Non va oltre un nuovo pareggio interno l’Olympic Salerno che resta all’asciutto di vittorie sul sintetico amico del “Figliolia”. Solito refrain in casa biancorossa con un primo tempo disputato ad alti ritmi e con buone trame di gioco, poi la reazione degli avversari nella ripresa che sfiorano anche il colpo grosso. Per la sfida con il Living Sarno, opposte la formazione dall’età media più giovane a quella ospite con una tra le più alte della categoria, ennesima novità tra i pali dei padroni di casa con il sesto portiere tesserato in sola ottica prima squadra: trattasi dell’estremo difensore di Pontecagnano Raffaele Sabbato, importanti trascorsi con Salernitana e Reggina, tornato ad indossare i guantoni per una gara agonistica dopo anni di stop dal calcio giocato. Ottima partenza dei padroni di casa che si rendono subito pericolosi con Piccirillo che chiama al pronto intervento Alfieri poi, appena scoccata la mezz’ora, è Cotecchia a sollecitare la reattività del numero uno sarnese con un tiro all’incrocio sugli sviluppi di un calcio di punizione neutralizzato non senza difficoltà.
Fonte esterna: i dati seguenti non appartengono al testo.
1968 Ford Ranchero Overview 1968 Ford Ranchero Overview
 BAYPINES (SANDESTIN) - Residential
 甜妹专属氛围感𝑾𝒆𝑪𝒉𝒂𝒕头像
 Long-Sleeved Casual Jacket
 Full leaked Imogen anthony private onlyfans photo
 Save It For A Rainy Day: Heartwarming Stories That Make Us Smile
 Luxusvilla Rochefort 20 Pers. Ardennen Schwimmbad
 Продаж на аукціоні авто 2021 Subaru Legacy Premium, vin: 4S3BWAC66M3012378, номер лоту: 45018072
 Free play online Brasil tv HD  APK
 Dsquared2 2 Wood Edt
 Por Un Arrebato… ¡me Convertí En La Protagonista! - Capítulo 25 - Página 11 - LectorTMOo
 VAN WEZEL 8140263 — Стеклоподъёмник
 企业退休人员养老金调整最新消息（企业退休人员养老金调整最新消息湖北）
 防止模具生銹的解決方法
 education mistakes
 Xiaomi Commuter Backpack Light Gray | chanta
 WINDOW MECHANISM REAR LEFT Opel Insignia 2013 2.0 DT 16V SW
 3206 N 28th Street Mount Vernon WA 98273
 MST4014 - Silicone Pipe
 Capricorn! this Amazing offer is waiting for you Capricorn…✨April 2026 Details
Al 38′ arriva il meritato vantaggio locale con Di Ceto che si fa trovare al posto giusto al momento giusto e deposita in rete con un comodo tap-in. Pochi istanti più tardi show di Casola che salta in sequenza 4/5 avversari e viene anticipato da Alfieri in uscita al momento della conclusione. Nella ripresa la partita cambia faccia con il nervosismo che prende il sopravvento. L’undici di Sabbarese prova ad affidarsi alle invenzioni di Cartone ma la difesa salernitana tiene bene ed è ancora l’Olympic ad avere la palla del raddoppio con Casola che colpisce in pieno il palo con il sinistro. Sarà l’ultimo brivido di marca biancorossa con l’esperienza avversaria in auge nel finale. Al 34′ Forino trova i tempi giusti di inserimento e di testa supera Sabbato per l’1-1 poi lo stesso attaccante sei minuti dopo incoccia il palo. Nei restanti minuti si gioca ben poco, le proteste della panchina ospite costano un cartellino rosso e dopo il recupero arriva il triplice fischio che decreta la fine delle ostilità e la spartizione del punto.